En ese entramado ambiguo entre el destino impuesto y la emancipación, emerge la posibilidad de una subjetividad que trasciende el destino estructurado de las mujeres. Y es precisamente esa genealogía la que Rosalía recupera en su álbum: la de mujeres que lograron construir en la religión un espacio de fuga, de saber y de reinvención.

“Promete que me protegerás a mí y a mi nombre en mi ausencia”

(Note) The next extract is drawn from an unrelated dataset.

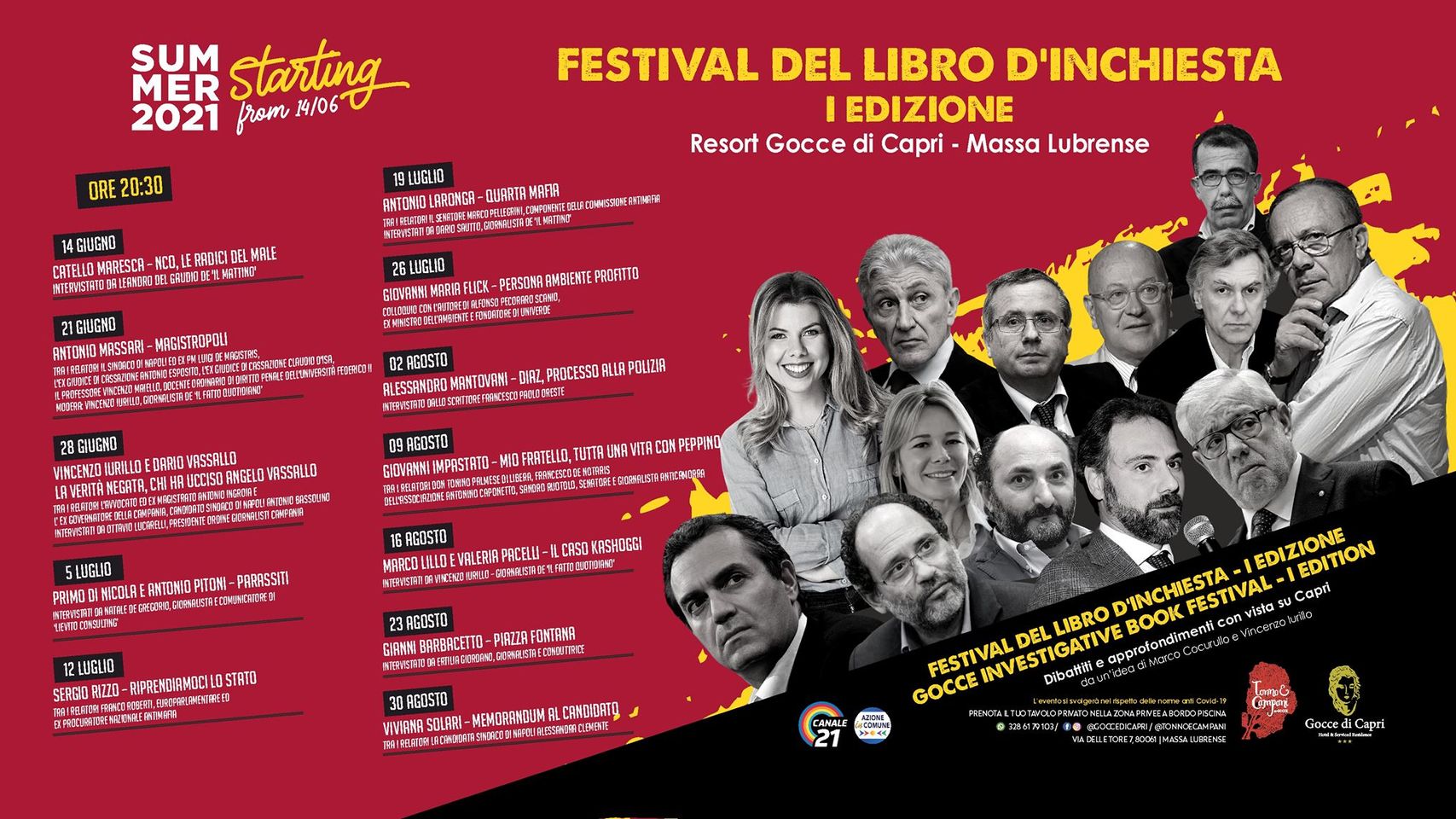 Il Festival del Libro d’Inchiesta per dibattere a Massalubrense i temi della società di oggi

En su álbum, Rosalía toma este universo – la música clásica, las reliquias, los cuerpos fragmentados, las mujeres que escaparon de lo que el mundo les proponía para ser, entregarse al conocimiento y a la trascendencia de otra cosa- y lo reelabora en clave contemporánea. Donde antes había muerte, culto y veneración, ahora hay música, ruptura, disciplina y reconstrucción. Donde antes había cuerpos consagrados y repartidos, aparece la idea de una nueva entrega: no a Dios, sino al arte y a la música.

La resignificación que propone Rosalía no es estrictamente religiosa: es estética. Toma aquello que la tradición hizo con los cuerpos de las santas -marcarlos, dividirlos, sacralizarlos- y lo convierte en un puente para hablar de sí misma, del dolor que se transforma en creación y de la genealogía silenciosa de santas y santos, primero hombres y mujeres, que encontraron, en la fe o en el arte, una forma inesperada de libertad.

Porque en LUX no se habla de Dios en el sentido bíblico, se habla de un Dios mundano que está a la vista en las acciones, en las decisiones que tomamos, en cómo somos con los otros, en la forma en la que seremos recordados. Tampoco se habla tanto de la religión católica sino más de las preguntas que nos llevan como humanidad a construir esas explicaciones fabulosas sobre las que se sostiene nuestra existencia y la pregunta sobre nuestra trascendencia.

Así como alguien escribió la Biblia, así como la humanidad construyó edificios maravillosos para contener todo tipo de rituales, Rosalía compuso LUX. Entre una pregunta, construyendo una materialidad para la memoria y poniendo en consideración si eso es suficiente para trascender donde más importa trascender: en el futuro del mundo.